The weighted average of the redesigned section size is 28 across all locations of NSCC. Collectively, the changes resulted in a 16% cost reduction with the cost-per-student declining from $165 in the traditional course to $139 in the redesign. All savings will go to the college’s general fund and be available for future additional college-level math sections.
Costs to students decreased since students were able to complete all developmental requirements in one semester versus multiple semesters. Also, because students were charged according to variable credit hours, students who made progress but required an additional semester could enroll in and pay for fewer credit hours than the traditional three credit hours.
Course material costs for students also decreased because the computer access code was less expensive than the textbook. Students that opted to purchase only the code had access to an electronic textbook, removing the need to purchase a hardcopy.
Finally, students no longer needed to drop the course when work or family obligations prohibited them from attending class.
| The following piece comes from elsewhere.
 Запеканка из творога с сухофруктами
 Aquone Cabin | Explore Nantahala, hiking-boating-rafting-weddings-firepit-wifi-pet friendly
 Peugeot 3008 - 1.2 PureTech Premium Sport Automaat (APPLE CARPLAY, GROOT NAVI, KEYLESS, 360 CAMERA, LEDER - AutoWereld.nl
Students were able to change course sections and attend class at a different time instead of withdrawing, thus decreasing the number of semesters needed to complete developmental math requirements.
Will the redesign be sustained now that the grant period is over?
There is little doubt that the changes to the developmental math program will be sustained and most likely will extend into other college-level math courses. The program has been changing for the past three years with the full support of the college in an effort to better address the needs of students. The improved retention and success rates indicate that the changes are having a positive impact, and NSCC expects these trends to continue as the team modifies course content and delivery. Additionally, instructors who were initially hesitant about the program now fully support the changes, and some have begun to take an active role in the decision-making processes related to running the program.